Godevo un vero paradiso di contento, che comunicato mi veniva da quella luce inaccessibile e divina. Quando godevo di questo grande bene inarrabile ed incomprensibile, fui sopraffatta da un santo timore di perderlo, ricordandomi di essere ancora viatrice su questa misera terra ed in pericolo di perdere questo gran bene, e perderlo ancora per sempre.

A questa riflessione qual fosse la pena mia a Dio solo è nota, mentre io non la so esprimere; una dirotta pioggia di lacrime dagli occhi versai, dalla pena che con affannosi sospiri, mi rivolsi al mio Bambinello Signore e gli dissi: «O Gesù mio, chi mi assicura di possedermi per sempre? Voi solo potete darmi questa sicurezza! Ah non tardate più di assicurare il mio povero cuore, voi ben conoscete quanto grande è la pena mia, ah, Gesù caro, vi prego, per l’amore che mi dimostrate nel vostro santo Natale, di darmi la sicurezza che io per sempre vi amerò, sì che vi voglio amare e amare per sempre, e per tutta l’interminabile eternità. Questa grazia la voglio, Gesù mio, non me la negate per carità, perché voi mi vedrete morire ai vostri santissimi piedi, per il grande desiderio che io sento di amarvi».

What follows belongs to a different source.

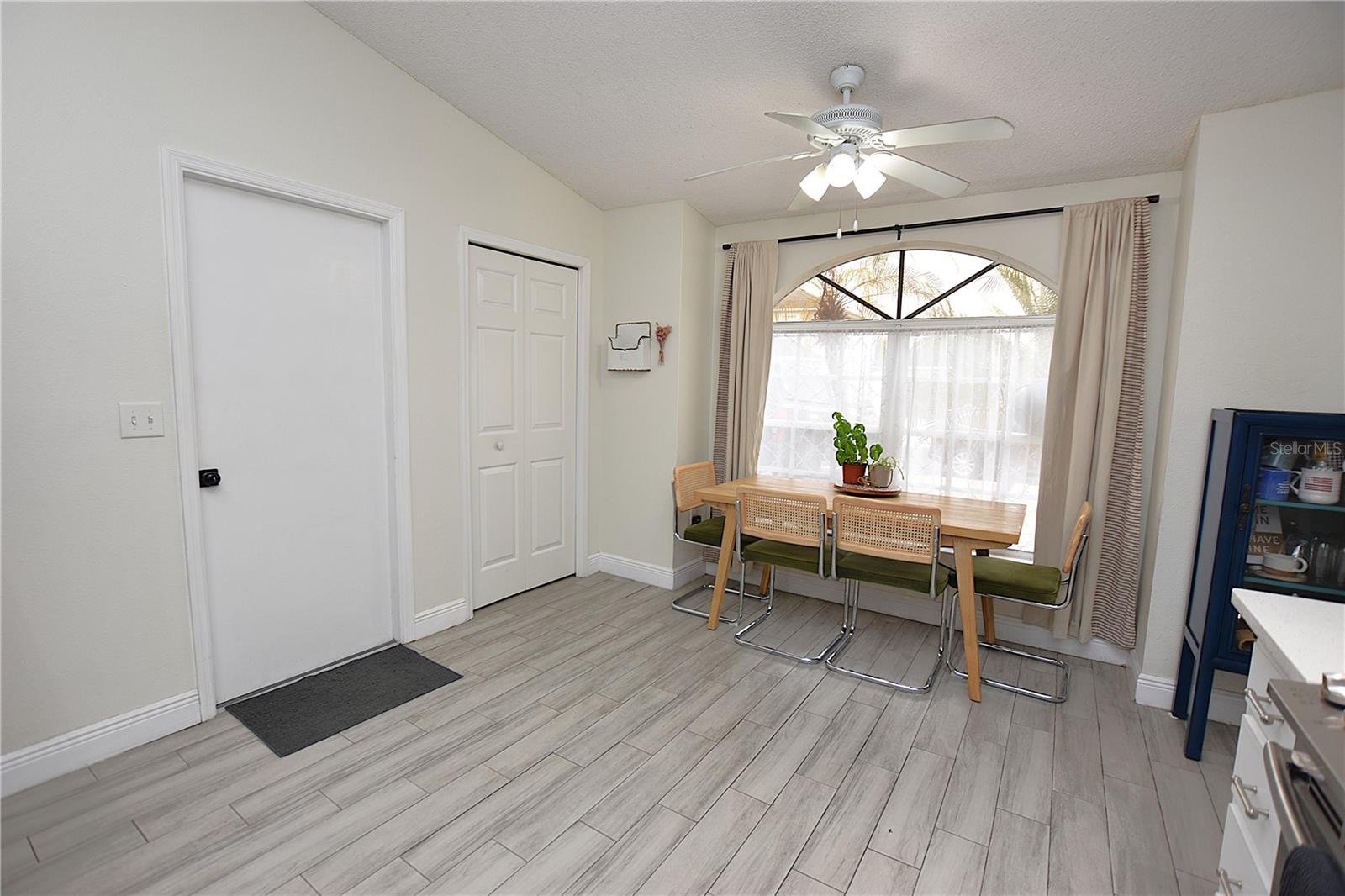 2022 HATTERAS PT, LAKELAND, FL — photo 8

Con queste ed altre simili espressioni il mio povero cuore era tutto infiammato di santa carità, e così acceso del santo amore di Dio, che più non poteva contenerlo. Ero fuori di me stessa, ed in questa situazione andavo ripetendo: «Gesù mio, datemi la sicurezza di amarvi e di amarvi in eterno. E se per mia somma disgrazia non vi avessi ad amare per l’eternità, vi prego, vi supplico di levarmi la vita in questo momento che per pura vostra misericordia la povera anima mia vi ama e vi ama di cuore. Voi lo vedete, voi lo sapete se in questo momento vi amo! Vi prego di aver pietà del mio cuore, che già per il passato feriste del vostro santo amore».

Fatte queste espressioni, non potendo più reggere, né contenere l’amore e la santa carità che faceva dolce strazio del mio povero cuore, mi abbandonai in braccio del medesimo amore, acciocché facesse dolce scempio di me.

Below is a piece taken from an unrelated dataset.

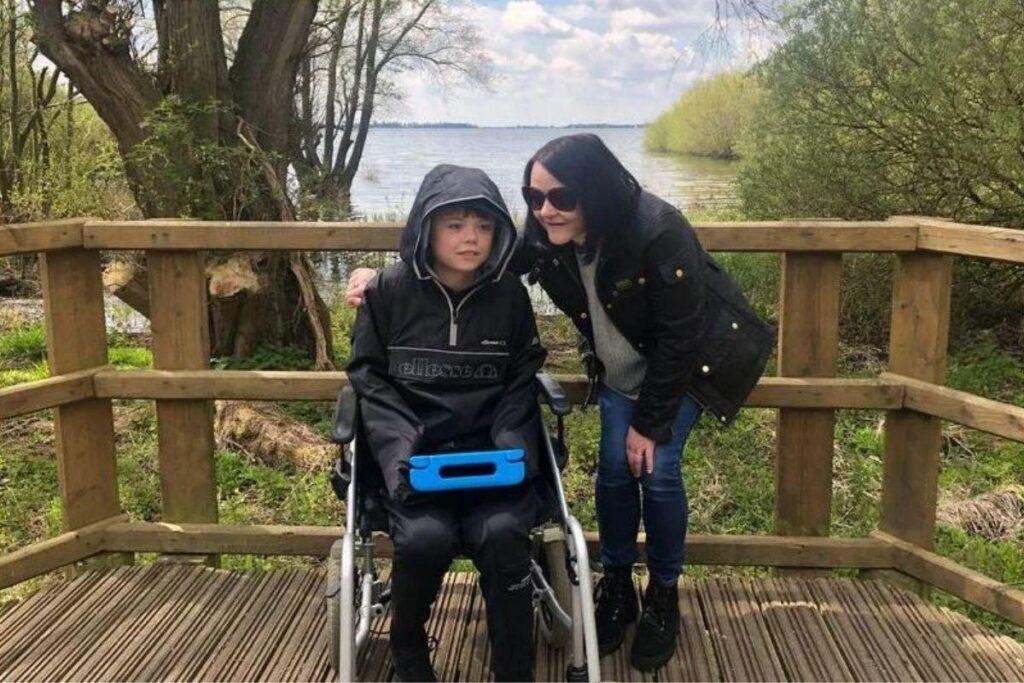 Sarah disse que o menino não come nada agora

62.5. Ho scolpito nel tuo cuore il mio nome


In questo tempo fui rapita da dolcissimo sonno, e l’anima mia godeva una perfetta quiete di soavità ripiena; in questo tempo che dolcemente riposavo, tornai a vedere il divino infante, il mio caro Gesù, che nelle sue mani divine teneva il mio cuore. Scolpito in esso cuore vedevo a caratteri d’oro ed indelebili il nome santissimo di Gesù e sentivo dirmi: «Vivi sicura che, mi amerai, e mi amerai per sempre, ho scolpito nel tuo cuore il mio nome, non potrai dimenticarlo giammai».

Queste amorose parole furono per me di tanta consolazione, che restai pienamente contenta, rendendo infinite grazie al Signore, che si fosse per sua infinita bontà compiaciuto di appagare le ardenti mie brame, umiliandomi profondamente per la grazia ricevuta riconoscendomi affatto indegna, resi le dovute grazie al Signore.

Il giorno 27 dicembre 1821, avevo passato questi tre giorni in una perfetta quiete e in una pace di paradiso, godendo nell’anima una dolcezza tutta spirituale, mi sentivo tutta trasportata dal santo amore di Dio, non avendo altro pensiero che perfezionare la mia povera anima, per renderla così grata al suo amorosissimo Dio.